We tend to think about trauma as a single event, like a car accident, shooting or anything else that sends a person to the hospital. But there are lots of persistent, everyday negative events that can hurt a person’s health in much the same way.

Even though they’re not as obviously dramatic, issues like unemployment, living in a home with lead paint and not being able to get enough to eat regularly, can hurt a person’s health just as much as a stabbing or fall. That’s what experts call community trauma: the cumulative harm that comes from dealing with lots of significant challenges in your life. Over time, this additive damage leaves wounds that are just as harmful as a traditional trauma.

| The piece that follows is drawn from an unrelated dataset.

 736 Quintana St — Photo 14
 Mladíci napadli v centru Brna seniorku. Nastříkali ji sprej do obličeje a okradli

This can be especially true for kids.

One of the toughest aspects of healing community trauma is diagnosing it in the first place. You can’t fix what you don’t see. That’s why Cleveland City Council is considering plans to staff recreation centers across the city with counselors trained to recognize health and behavioral issues stemming from unseen trauma. At a recent Cleveland Health and Human Services Committee meeting, a team of our trauma experts helped explain how counselors working with kids at rec centers could help improve life for young people.

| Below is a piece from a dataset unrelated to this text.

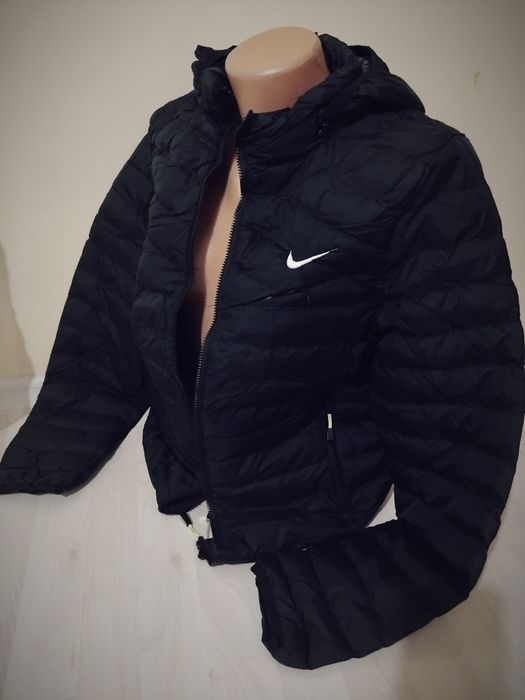 Geaca dama Nike.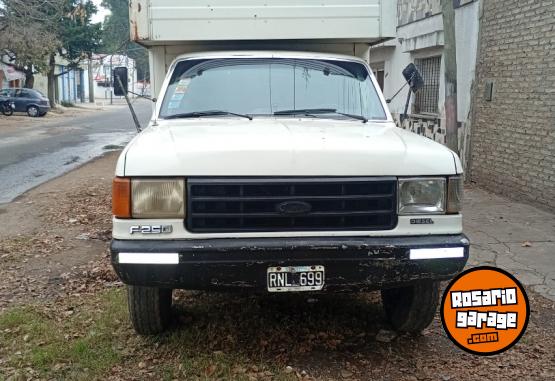 Camiones y Grúas - Vendo permuto - En Venta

Dr. Lisa Ramirez, MetroHealth’s director of community and behavioral health, talked about how trauma and exposure to violence can lead to toxic stress. That stress has lifelong consequences and affects kids’ learning, behavior and even their physical development. As a metaphor, Dr. Ramirez said, "Many of these students essentially are being held underwater from birth, and they have developed a new way of breathing. And if we can help provide a life raft to get them out of that water, their strength is going to be incredible.”

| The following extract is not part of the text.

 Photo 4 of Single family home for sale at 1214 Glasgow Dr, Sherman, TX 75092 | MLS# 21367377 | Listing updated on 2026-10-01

Dr. Ramirez was joined at the committee meeting by:
Sarah Hendrickson, manager, survivor recovery services
Andrea Martemus-Peters, violence injury prevention coordinator
Rev. Dr. Tony Minor, manager of faith-based engagement

Even though they represent different areas of the trauma care spectrum, Lisa, Sarah, Andrea and Tony all know how much damage community trauma can do to Cleveland’s youth.

Healing those wounds – visible or otherwise – will continue to be a priority for us. Based on findings in the MetroHealth Community Health Needs Assessment, community trauma has to be addressed to improve our area’s overall health.